The Fairy Queen


Henry Purcell The Fairy Queen semi-opera to anonymous adaptation (with massive cuts) of Shakespeare'sA Midsummer Night's Dream. Directed 2009 by Jonathan Kent at Glyndebourne. Stars as actors Joseph Millson (Oberon), Sally Dexter (Titania), JothamAnnan (Puck), Desmond Barrit (Bottom), Robert Burt (Flute), Jack Chissick (Snout), Paul McCleary (Quince), Brian Pettifer (Snug), Roger Sloman (Starveling), Taliesin Knight (Changeling Boy), TerrenceHardiman (Egeus), William Gaunt (Theseus), Susannah Wise (Hermia), Helen Bradbury (Helena), Oliver Kieran Jones (Lysander), and Oliver Le Sueur (Demetrius). Singing stars are Claire Debono (First Fairy/Spring), Anna Devin (Second Fairy), Desmond Barrit (Drunken Poet), Carolyn Sampson (Night), Ed Lyon (Secrecy/Adam), Andrew Foster-Williams (Sleep/Coridon), Robert Burt (Mopsa), Sean Clayton (Summer), Adrian Ward (Autumn), LukasKargl (Phœbus), Lucy Crowe (Juno), and Helen-Jane Howells (Eve) as well as  Miriam Allan, Rachel Redmond, and John Mackenzie (Soloists from the Glyndebourne Chorus). Dancing stars are Laura Caldow, NuniCampos, Tommy Franzén, Caroline Lynn, Omar Gordon, Anthony Kurt-Gabel, MaurizioMontis, and Sarah Storer. William Christie conducts the Orchestra of the Age of Enlightenment (Leader Alison Bury) and the Glyndebourne Chorus (Assistant Chorus Master Oliver Gooch).

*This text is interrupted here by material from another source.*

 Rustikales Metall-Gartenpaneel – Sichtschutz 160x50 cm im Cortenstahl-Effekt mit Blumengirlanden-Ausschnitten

Designs by Paul Brown; lighting by Mark Henderson; choreography by Kim Brandstrup; TV direction by FrançoisRoussillon; executive production by Toni Hajal; sound supervision by Jean Chatauret. Released 2010, disc has 5.1 dts-HD Master Audio. Grade: B

In 1590 Edmund Spenser finished The Faerie Queen. This is a long epic poem glorifying Queen Elizabeth I and has nothing to do with our subject Fairy-Queen except to have a confusingly similar name. About 6 years later, Shakespeare finished A Midsummer Night's Dream, a comedy about Titania, the tiny queen of the fairies. About 100 years after that, Henry Purcell wrote in 1692 The Fairy-Queen (with a hyphen in the name), which is a "semi-opera" about Shakespeare's Titania. It's called a semi-opera because the basic framework consists of Shakespeare's familiar Midsummer Night's Dream story of the mixed-up lovers, the war between Titania and Oberon, and the misadventures of the "rude mechanicals" --- all spoken as in a play. Purcell then added musical and dance numbers that range from chaste classical allegory to slapstick silly slightly sloppy salacious sex. Three years later in 1695, Purcell died. His The Fairy-Queen was promptly lost and was basically unknown for more than 200 years.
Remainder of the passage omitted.